Data Handling Using Pandas #1 - vol. 1

Data Handling Using Pandas #1 - vol. 1

Python for Data Analysis.

Hello reader long story cut short first-of-all the question that comes first in your mind is What is data science or data analytics? So, in simple words it is a process of analyzing a large set of data points to et answers to questions related to that dataset.

What's the need of data analytics? The need for data analytics arises to handle huge data which is an area of concern for large business organizations, communities & consumers. Data handling is an important part of analyzing the data as because data is not always available in the desired format.
We all know that data is stored in different formats like .csv files, an Excel file or an HTML file. Python pandas have become a buzzword in the python community. It is an important tool used nowadays in the field of data sciences.

Now, let know the main objectives or features of pandas,

  • Pandas has built in functionality for like easy grouping & easy joins of data, rolling windows.
  • Data frame object help a lot in keeping track of our data.
  • With a pandas data frame, we can have different data types (float, int, string, datetime, etc) all in one place.
  • Pandas has built in functionality for like easy grouping & easy joins of data, rolling windows.
  • Good IO capabilities; Easily pull data from a MySQL database directly into a data frame.
  • With pandas, you can use patsy for R-style syntax in doing regressions.
  • Tools for loading data into in-memory data objects from different file formats.
  • Data alignment and integrated handling of missing data.
  • Reshaping and pivoting of data sets.

So, let's have a talk about Data Structures in Pandas,

Two important data structures of pandas are– Series & DataFrame

1. Series?

Series is like a one-dimensional array like structure with homogeneous data. Some basic feature of series are,

  • Homogeneous data
  • Size Immutable
  • Values of Data Mutable

2. DataFrame?

DataFrame is like a two-dimensional array with heterogeneous data. Basic feature of DataFrame are,

  • Heterogeneous data
  • Size Mutable
  • Data Mutable

So, let's understand the pandas series its like one-dimensional array capable of holding data of any type (integer, string, float, python objects, etc.). Series can be created using constructor. Syntax- pandas.Series( data, index, dtype, copy) Creation of Series is also possible from – ndarray, dictionary, scalar value.

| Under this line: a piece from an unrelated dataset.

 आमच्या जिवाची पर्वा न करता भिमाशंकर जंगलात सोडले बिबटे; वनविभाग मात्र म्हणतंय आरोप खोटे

Series can be created using

  • Array
  • Dict
  • Scalar value or constant

Pandas DataFrame, Create DataFrame. It can be created with followings,

  • Lists
  • dict
  • Series
  • Numpy ndarrays
  • Another DataFrame

Now, let's know about the binary operations, It is possible to perform add, subtract, multiply, and divide operations on a dataframe. So, pandas provides the methods like add(), sub(), mul(), div() and more related functions like radd(), rsub() for carrying out binary operations on dataframes. Out of these operations add(), sub(), mul() & div() methods perform the basic mathematical operations for addition, subtraction, multiplication and division of two dataframes.

The functions rsub and radd stands for right side subtraction and right side addition. Since all operations involve two dataframes to act upon, they are known as binary operations.

Now what's the role of Boolean Indexing in data handling? So, let's understand what is Boolean indexing it's a type of indexing which causes actual values of the data in the dataframe, i.e. using boolean vector in order to access a dataframe with boolean index, we have to create a dataframe in which index of the dataframe contains a boolean value, that is "True" or "False"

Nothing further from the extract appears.